[Start of section]
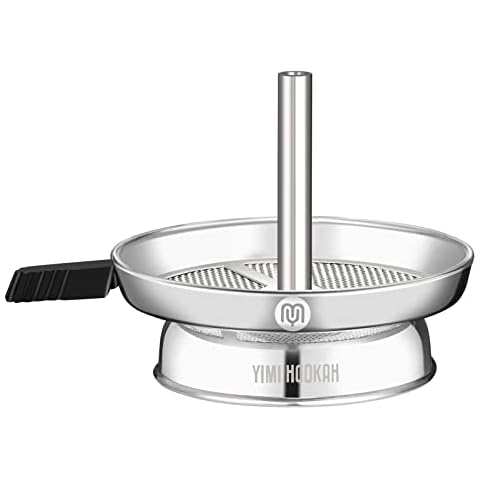 Yimi Hookah® Chimney Bowl Stainless Steel Shisha Charcoal Holder Bowl HMD Hookah Heat Management System Cover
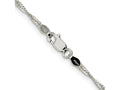 FJC Finejewelers 925 Sterling Silver Singapore Chain Anklet 9 Inches x 2 mm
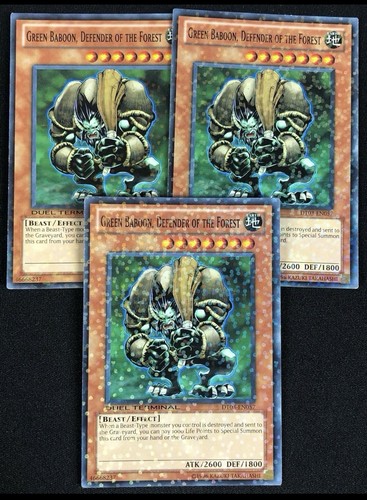 Yugioh green baboon defender - green,
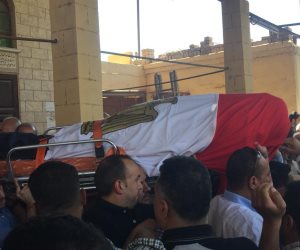 جنازه عسكرية مهيبة لشهيد سيناء عبد المجيب الماحي بالغربية  (صور)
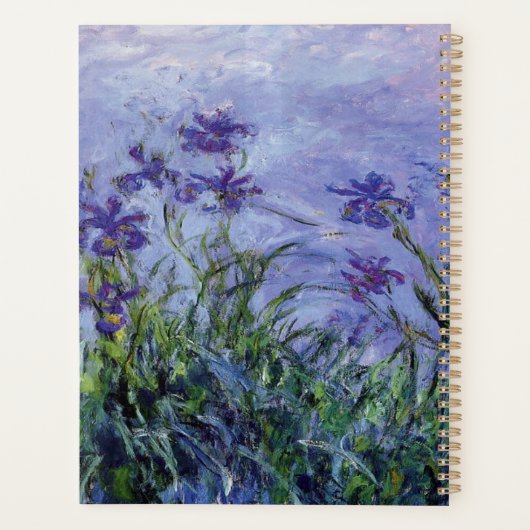 Claude Monet Lila Irises Planer (Rückseite)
[End of section]
• HOW TO COMPLETE THIS TASK: Retype the records above exactly, pictures omitted.

• RESPONSE TO THE EXERCISE:
 Yimi Hookah® Chimney Bowl Stainless Steel Shisha Charcoal Holder Bowl HMD Hookah Heat Management System Cover
 FJC Finejewelers 925 Sterling Silver Singapore Chain Anklet 9 Inches x 2 mm
 Yugioh green baboon defender - green,
 جنازه عسكرية مهيبة لشهيد سيناء عبد المجيب الماحي بالغربية  (صور)
 Claude Monet Lila Irises Planer (Rückseite)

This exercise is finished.